General characteristics as built
- Class & type: Galleon

General characteristics after 1603-05 rebuild
- Class & type: 32-gun great ship
- Tons burthen: 636
- Length: 88 ft (27 m) (keel)
- Beam: 34 ft (10 m)
- Depth of hold: 15 ft (4.6 m)
- Sail plan: Full-rigged ship
- Complement: 250 (1633)
- Armament: 32 carriage guns of various weights of shot, plus 6 smaller weapons

= English ship Nonsuch (1603) =

Nonsuch was a galleon of the Tudor navy. She was built on the orders of Queen Mary (reign, 1553–1558) in 1555–56 as the Philip and Mary and renamed twice during her career – first to Nonpareil when she was rebuilt at Deptford in 1584, and later as Nonsuch when she was again rebuilt from 1603 to 1605.

Following her first rebuilding, she was mentioned in the Paris archives as part of Elizabeth I's fleet in 1588 in A Statement of the two fleets possessed by the Queen of England, with numbers and names of the ships, listed as "400 tons, 17 pieces each side, four pieces at the prow and the same at the stern. Her complement was 250 comprising 150 mariners, 30 gunners and 70 soldiers". The ship was under the command of Drake in 1588 – "Drake has also six large ships of the Queen's, namely :—Revenge, Hope, Nonpareil, Swiftsure, Aid and Advice, with 45 of the best merchant ships they could select, at the Isle of Wight."

On 14 February 1591 a warrant was made "to pay to Sir John Hawkins 1,566l. 13s. 4d. disbursed in setting forth the Nonpareil".

In June 1602 she was off the coast of Spain and attacked Cezimbra Bay near Lisbon (Portugal) which resulted in the capture of a large carrack loaded with treasure valued at a million ducats.

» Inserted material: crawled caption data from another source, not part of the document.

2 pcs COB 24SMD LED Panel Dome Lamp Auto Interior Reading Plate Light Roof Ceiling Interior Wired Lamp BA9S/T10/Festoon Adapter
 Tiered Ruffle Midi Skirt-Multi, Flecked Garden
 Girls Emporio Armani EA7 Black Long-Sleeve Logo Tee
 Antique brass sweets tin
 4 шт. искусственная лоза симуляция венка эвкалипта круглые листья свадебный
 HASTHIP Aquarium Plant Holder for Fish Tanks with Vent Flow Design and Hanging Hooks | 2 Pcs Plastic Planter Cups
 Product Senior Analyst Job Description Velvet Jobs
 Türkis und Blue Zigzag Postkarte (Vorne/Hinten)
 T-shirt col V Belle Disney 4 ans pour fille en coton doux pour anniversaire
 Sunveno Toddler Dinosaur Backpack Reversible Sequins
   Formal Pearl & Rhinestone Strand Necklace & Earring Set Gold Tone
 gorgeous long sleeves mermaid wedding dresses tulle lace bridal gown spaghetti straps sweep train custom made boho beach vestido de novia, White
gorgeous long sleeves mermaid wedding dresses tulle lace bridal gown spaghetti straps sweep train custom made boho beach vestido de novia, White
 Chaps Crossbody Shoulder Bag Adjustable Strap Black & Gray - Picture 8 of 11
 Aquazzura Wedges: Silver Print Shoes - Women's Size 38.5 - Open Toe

In 1603-05 she was rebuilt a second time as a great ship, and renamed Nonsuch. Now of 454 tons, she carried 32 primary guns (2 cannon periers, 12 culverins, 12 demi-culverins and 6 sakers) and 6 smaller and more anti-personnel weapons (2 falconets and 4 fowlers).

She was sold out of the navy in late 1645.